Copy task for the material below: print the line with "Used 2021 Toyota" and every line after it to the end, exactly as written, without the pictures.
:: DATA EXTRACT
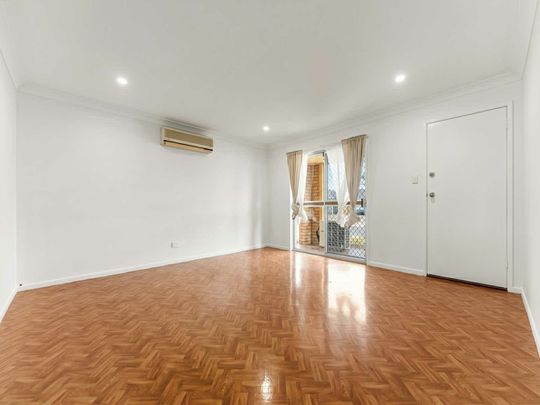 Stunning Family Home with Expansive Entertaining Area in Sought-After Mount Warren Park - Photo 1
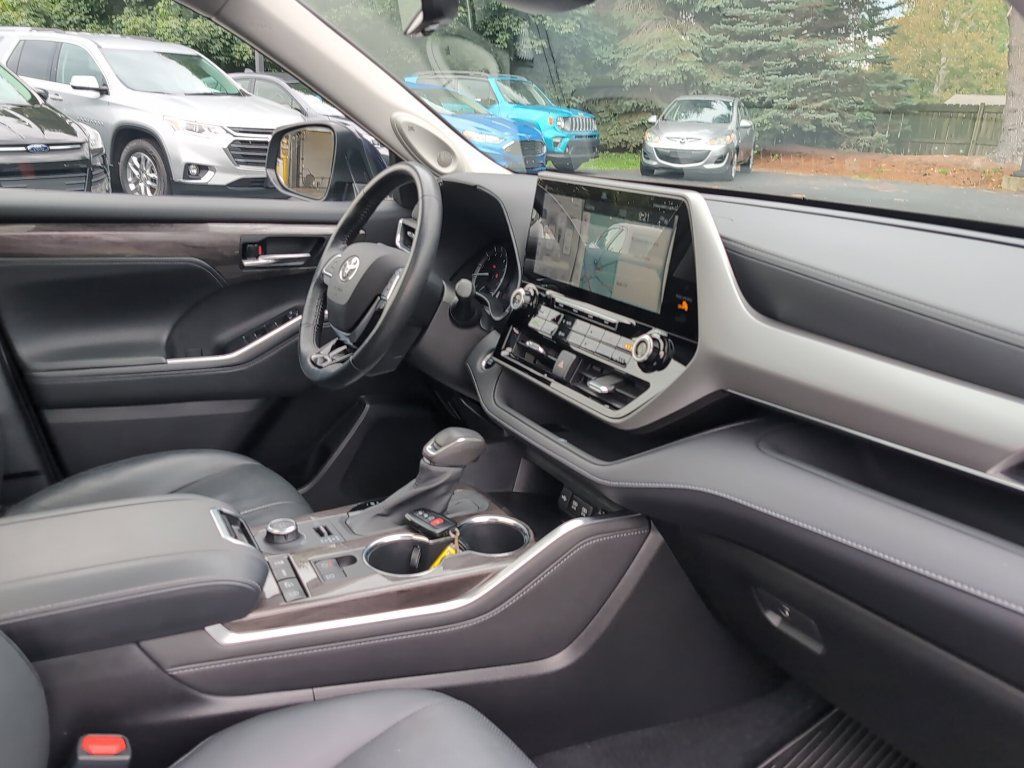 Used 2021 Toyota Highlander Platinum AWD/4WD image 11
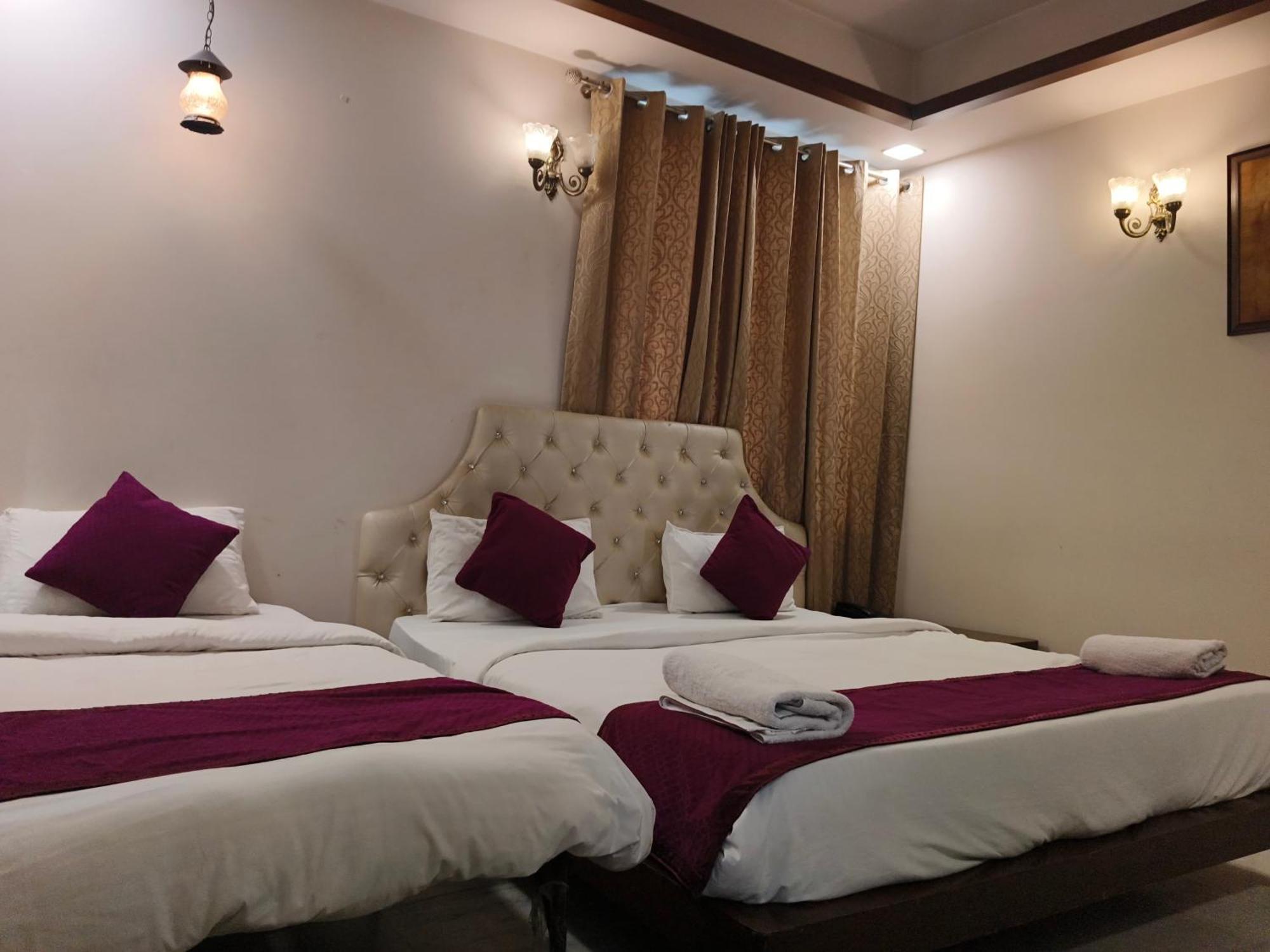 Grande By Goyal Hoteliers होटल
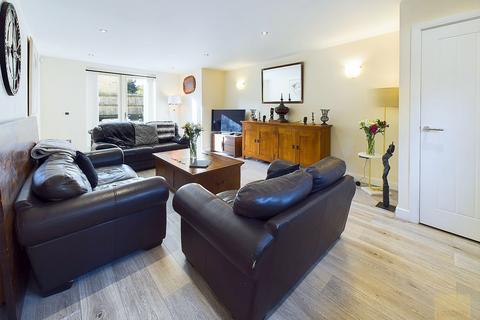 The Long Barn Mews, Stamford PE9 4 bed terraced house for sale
::::
## SOLUTION TO THIS TASK
 Used 2021 Toyota Highlander Platinum AWD/4WD image 11
 Grande By Goyal Hoteliers होटल
 The Long Barn Mews, Stamford PE9 4 bed terraced house for sale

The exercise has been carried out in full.